Nearly all of them could be traced to magazines being swapped, dropped and plopped instead of being left IN the rifles.
Properly fitted and adjusted, they will feed flawlessly even with crappy modern ammunition which lacks the gentle RIM BEVEL you find on early military ammo. That Bevel was there to enable misloaded rounds to slip OVER the lower rounds..... and feed flawlessly.

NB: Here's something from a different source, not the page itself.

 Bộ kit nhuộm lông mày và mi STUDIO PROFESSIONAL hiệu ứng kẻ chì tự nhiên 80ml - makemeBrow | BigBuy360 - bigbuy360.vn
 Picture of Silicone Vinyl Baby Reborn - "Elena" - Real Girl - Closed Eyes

IN the rifle, the feed lips cannot get bent. They are only thin sheet-metal and they bend easily, especially when DROPPED. Or knocked off the table. Or diddled with by some genius who knew more than James Paris Lee. Magazines were a critical and expensive component. They were (until the deep-drawn Number 4 Rifle Magazine came out) hand-made and individually-fitted to a particular Rifle. They were not serialled because it was recognised that they were somewhat fragile. Unit Armourers maintained a small supply of Magazines but these were not SPARES: they were REPLACEMENTS and were to be fitted BY THE ARMOURER.

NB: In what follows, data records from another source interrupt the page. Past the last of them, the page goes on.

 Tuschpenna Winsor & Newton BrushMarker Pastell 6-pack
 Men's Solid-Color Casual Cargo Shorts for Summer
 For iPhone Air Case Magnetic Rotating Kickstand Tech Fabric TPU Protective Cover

I have seen guys show up at matches with pockets bulging with magazines in order that they might do a 'fast reload', dropping magazines on the ground, dumping them from the rifle and slamming in a fresh one (if they can get it in without spraying live rounds all over the firing-point), stomping them into the snow as they go to the next firing-point.... and then cursing that rotten old Lee-Enfield because the "F%%#^*ing THING DOES NOTHING BUT F&^%$#G JAM!!!". I have even had a guy BORROW 3 mags from me for a match. He even gave ONE of them back. Guess I am just SO lucky.
If you have a CLLE, SMLE, Number 1, Number 4, Number 5, Lightweight, or even a super-rare Australian Number 6, the rifle reloads FASTER with Chargers. That was the reason for the invention of the Charger in the first place: to allow the Magazine to remain IN PLACE where it could not get the Lips damaged.
Supplying spare Magazines was TRIED and did not work out, for the reasons above. The Lee-Metford Mark II had the single Magazine actually CHAINED to the Rifle. It could come out just far enough to be cleaned..... and not far enough that you could SLAM it back into place.
That should give some folks just a TINY hint.